So, in budget week, here’s a talk I just gave to a company in London about the looming UK general election and the impending collapse of the Tories, along with ten key charts which reflect how the British people are thinking and feeling.
1/ One interesting thing about 2024 is that, if you believe the polls, America and Europe will move right while the UK will move left. While Donald Trump’s numbers are strong and Europe’s national populists prepare for record gains in the spring, the latest polls in the UK all point, clearly, to the election of a Labour government. Here are two stats to keep in mind. For Labour to win their first majority since 2005 they need to be at least 12.5 points ahead in the polls, while for the Tories to win a surprise 1992-style majority they need to be at least 3.5 points ahead.
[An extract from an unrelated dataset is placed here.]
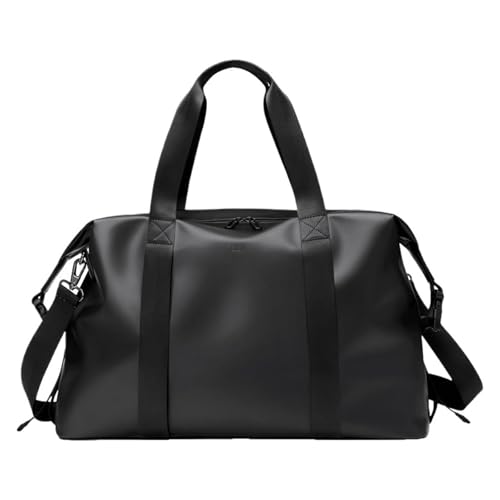 Sporttasche Leder Tragbare Reisetasche mit großem Fassungsvermögen for Herren, tragbare Gepäcktasche for Kurze Strecken, for Reisen, Geschäftsreisen und zur Aufbewahrung von Sportgeräten(Black) von CYMMIYT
Today, Labour is averaging a 20 point lead in the polls —so, more than enough for a majority.
2/ On these numbers, the Tories would plunge below 100 seats while Labour would be handed a commanding majority of almost 300 seats. Every seat in the Red Wall would go back to Labour while Labour would also re-emerge as a dominant force in Scotland, become even stronger in Wales, win even larger majorities in the big cities and university towns, and continue to spread into the commuter belt and parts of the south. The Tories would be plunged into a historic crisis. Their only available path forward would be to reconnect with non-London England yet most of the MPs who would be left after such a defeat would be one-nation, liberal types who struggle to make sense of more culturally conservative voters in non-London England. In many respects such a defeat would be worse than 1997.
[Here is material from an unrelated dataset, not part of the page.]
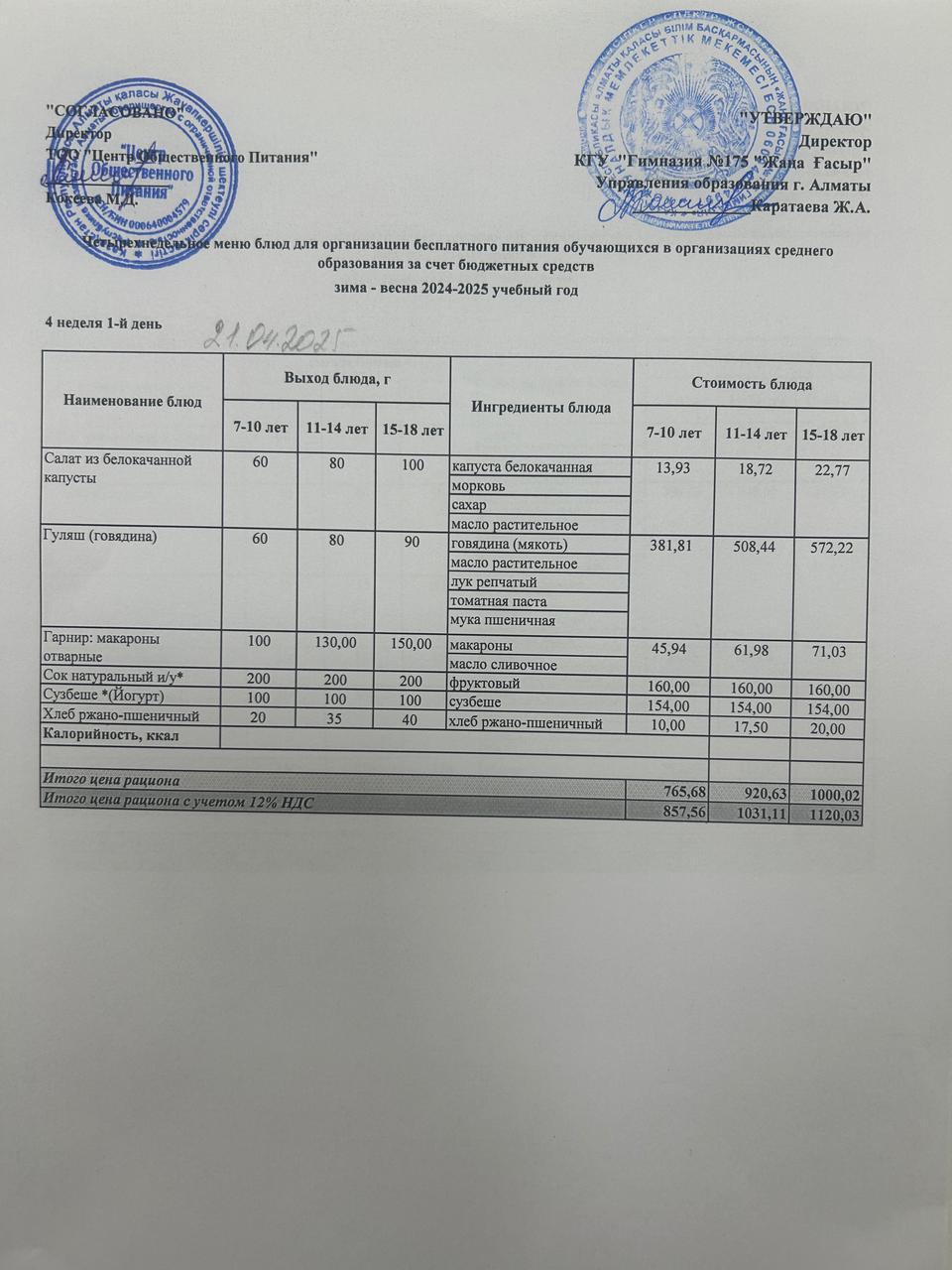 Ас мәзірі 2024-2025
3/ Of course, the polls will narrow. I suspect the Conservative Party’s average share of the vote, at 23%, will inevitably rise as we head into the campaign. There are lots of undecided voters. But I don’t see how the Tories can close the current gap. While people are right to be sceptical about the polls this far out from an election (the old joke being opinion polls are like sausages —once you’ve seen how they’re made you’ll not want to go near them), we should remember that at recent by-elections we’ve seen some of the largest swings against the Tories in the postwar era. What we’re seeing in the polls, then, is reflected on the ground. And at the heart of this is what the next slide shows —just how much the Tories have alienated their former 2019 voters. Support for the Tories among the people who rallied around Boris Johnson and the party in 2019 —most of whom support Brexit and want to lower immigration— has completely collapsed.